Hir24.hu wrote about the case under the following headline: “Strangling, thrashing–More victims of the blind komondor.” A blog writer called his post “The blind komondor and the broken-nosed Hungarian reality.” HVG announced “Here is the picture of the ‘guilty’ blind komondor.” Klára Ungár, former SZDSZ politician and currently the leader of a small liberal group called SZEMA, organized a demonstration of women and dogs to defend the good name of their four-legged friends. They also demanded, as have many feminist groups, tougher laws against domestic violence.

All the fanciful stories Balogh came up with didn’t do him any good. The first wife suffered for twenty-five years from this man’s brutality, but his current girlfriend was less patient. She left the hospital but didn’t return to the Balogh residence. She went home to her children. His party got rid of him as well. As it stands now, he left the Fidesz caucus and moved over to the independents. According to Antal Rogán, Balogh was strongly urged to leave the Fidesz delegation, but Balogh denied this and claimed that his leaving the Fidesz caucus was his own decision. He also made it clear that he intends to remain a member of the party.

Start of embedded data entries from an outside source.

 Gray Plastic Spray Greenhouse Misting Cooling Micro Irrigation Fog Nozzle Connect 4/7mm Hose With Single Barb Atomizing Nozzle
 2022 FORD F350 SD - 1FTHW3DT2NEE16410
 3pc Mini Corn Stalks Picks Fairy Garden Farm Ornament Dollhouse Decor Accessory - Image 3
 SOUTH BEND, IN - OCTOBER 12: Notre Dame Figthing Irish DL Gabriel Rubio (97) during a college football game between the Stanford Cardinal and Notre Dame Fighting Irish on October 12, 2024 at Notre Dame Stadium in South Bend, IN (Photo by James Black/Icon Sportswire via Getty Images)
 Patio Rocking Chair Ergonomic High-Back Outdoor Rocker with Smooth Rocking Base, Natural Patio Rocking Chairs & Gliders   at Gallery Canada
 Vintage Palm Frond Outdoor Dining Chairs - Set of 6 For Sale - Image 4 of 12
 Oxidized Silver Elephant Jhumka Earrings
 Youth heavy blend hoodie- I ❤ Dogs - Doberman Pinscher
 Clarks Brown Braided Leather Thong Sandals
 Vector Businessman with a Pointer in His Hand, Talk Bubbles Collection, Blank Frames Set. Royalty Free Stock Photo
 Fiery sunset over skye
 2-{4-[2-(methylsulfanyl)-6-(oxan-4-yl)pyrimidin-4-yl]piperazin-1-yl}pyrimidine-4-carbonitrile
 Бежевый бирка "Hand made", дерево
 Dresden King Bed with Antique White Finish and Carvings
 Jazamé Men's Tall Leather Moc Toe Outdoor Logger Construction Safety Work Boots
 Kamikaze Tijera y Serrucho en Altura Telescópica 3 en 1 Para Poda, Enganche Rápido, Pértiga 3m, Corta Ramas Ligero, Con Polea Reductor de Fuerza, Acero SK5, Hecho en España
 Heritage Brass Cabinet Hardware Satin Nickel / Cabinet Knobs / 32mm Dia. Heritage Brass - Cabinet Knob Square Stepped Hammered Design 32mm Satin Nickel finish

Whether it will be his decision I very much doubt. According to the latest information, Antal Rogán and László Kövér demanded that he give up his seat altogether but Balogh refused to oblige. In a way I understand his position. After all, he didn’t receive his mandate as a result of the largess of the party. He won it on his own. Moreover, I’m not at all sure whether Fidesz actually wants to have a by-election right now unless, of course, they are pretty certain of an easy victory. The story hasn’t ended yet. Most likely Balogh’s parliamentary immunity will be lifted and, if he is found guilty, the problem will be solved.